One of the images associated with local brass bands in the 1980s (as earlier) was of a group performing an integrating and public role for their locality. Even though by the 1980s band players did not necessarily live in the immediate neighbourhood at all, local brass bands could still see themselves as somehow representing and enhancing the whole ‘community’ at public events – whatever that ‘community’ might be in different circumstances: the local village for the Woburn Sands Band; the town of Wolverton and its workers for the Wolverton Town and British Rail Band; or, in some situations, the whole developing new city of Milton Keynes.

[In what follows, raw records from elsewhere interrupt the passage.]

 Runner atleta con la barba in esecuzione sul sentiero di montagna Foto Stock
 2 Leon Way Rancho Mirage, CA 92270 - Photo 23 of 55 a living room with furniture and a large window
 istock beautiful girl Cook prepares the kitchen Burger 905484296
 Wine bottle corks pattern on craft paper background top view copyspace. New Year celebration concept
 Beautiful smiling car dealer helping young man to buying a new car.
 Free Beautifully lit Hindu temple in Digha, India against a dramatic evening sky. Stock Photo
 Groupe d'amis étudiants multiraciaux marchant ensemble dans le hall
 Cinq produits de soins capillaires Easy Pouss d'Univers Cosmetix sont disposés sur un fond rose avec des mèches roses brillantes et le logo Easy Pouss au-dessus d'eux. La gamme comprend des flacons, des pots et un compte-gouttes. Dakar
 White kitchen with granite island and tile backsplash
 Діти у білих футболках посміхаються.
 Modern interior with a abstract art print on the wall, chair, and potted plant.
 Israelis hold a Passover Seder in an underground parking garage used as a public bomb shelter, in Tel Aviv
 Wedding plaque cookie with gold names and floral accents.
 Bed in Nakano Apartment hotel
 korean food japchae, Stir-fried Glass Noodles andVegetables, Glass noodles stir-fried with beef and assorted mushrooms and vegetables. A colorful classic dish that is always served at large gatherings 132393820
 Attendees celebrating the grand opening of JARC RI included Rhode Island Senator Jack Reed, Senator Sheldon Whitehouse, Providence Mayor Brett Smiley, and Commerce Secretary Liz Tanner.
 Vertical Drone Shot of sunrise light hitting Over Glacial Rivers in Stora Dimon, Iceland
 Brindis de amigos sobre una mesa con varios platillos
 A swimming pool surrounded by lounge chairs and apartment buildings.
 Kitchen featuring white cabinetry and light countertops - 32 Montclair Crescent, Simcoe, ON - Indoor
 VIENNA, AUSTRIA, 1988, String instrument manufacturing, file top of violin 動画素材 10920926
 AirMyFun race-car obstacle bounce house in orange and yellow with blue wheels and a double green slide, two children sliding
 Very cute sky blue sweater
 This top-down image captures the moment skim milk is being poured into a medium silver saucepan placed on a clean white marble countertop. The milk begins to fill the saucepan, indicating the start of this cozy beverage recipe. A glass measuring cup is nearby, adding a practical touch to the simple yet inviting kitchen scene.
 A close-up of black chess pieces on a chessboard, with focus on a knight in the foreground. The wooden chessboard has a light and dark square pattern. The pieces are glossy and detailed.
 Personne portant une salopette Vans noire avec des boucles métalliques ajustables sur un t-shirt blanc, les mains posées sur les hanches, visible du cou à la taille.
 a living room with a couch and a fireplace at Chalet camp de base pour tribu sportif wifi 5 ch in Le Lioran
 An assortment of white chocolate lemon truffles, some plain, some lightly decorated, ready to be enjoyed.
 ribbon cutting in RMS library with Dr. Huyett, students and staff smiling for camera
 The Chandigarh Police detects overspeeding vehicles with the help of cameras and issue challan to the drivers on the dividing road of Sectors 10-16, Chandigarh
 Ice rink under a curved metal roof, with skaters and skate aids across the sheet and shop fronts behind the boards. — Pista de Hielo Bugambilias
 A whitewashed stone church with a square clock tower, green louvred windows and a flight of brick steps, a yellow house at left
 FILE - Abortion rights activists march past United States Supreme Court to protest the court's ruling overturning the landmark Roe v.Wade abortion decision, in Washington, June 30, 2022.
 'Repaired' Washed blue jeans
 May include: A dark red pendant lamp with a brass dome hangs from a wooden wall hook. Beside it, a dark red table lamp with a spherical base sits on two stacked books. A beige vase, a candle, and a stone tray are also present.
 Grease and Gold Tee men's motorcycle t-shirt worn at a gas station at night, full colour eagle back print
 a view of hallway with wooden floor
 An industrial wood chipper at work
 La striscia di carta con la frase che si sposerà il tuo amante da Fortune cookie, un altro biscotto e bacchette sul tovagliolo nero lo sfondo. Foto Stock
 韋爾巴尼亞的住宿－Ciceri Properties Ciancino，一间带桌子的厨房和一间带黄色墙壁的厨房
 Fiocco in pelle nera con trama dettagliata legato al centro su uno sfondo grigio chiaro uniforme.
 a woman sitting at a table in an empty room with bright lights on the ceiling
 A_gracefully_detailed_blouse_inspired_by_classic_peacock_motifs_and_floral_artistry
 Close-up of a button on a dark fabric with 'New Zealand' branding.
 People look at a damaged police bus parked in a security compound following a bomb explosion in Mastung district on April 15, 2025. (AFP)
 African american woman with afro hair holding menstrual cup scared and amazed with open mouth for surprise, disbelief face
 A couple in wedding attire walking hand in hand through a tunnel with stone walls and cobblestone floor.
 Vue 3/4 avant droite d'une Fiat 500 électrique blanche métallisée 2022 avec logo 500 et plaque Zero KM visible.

This aspect was no doubt facilitated by the ability of brass bands to perform so visibly and audibly in the open air, but even so it was remarkable that a musical tradition which was also seen as separate from others and was certainly not to everyone’s taste should nevertheless have been accepted as being some how ‘above the battle’ and, despite its basis in the world of privately organised voluntary associations, as providing mutually beneficial support for the large ‘community’ occasions.
Up to a point, just about all the voluntary musical groups performed something of this public function, but it was in the case of brass bands that this idea was most prominent. Brass bands both constituted a quite explicitly perceived ‘world of their own’ and, at the same time, were called on most directly of all the groups considered here to support the public celebrations of the communities in which they practised.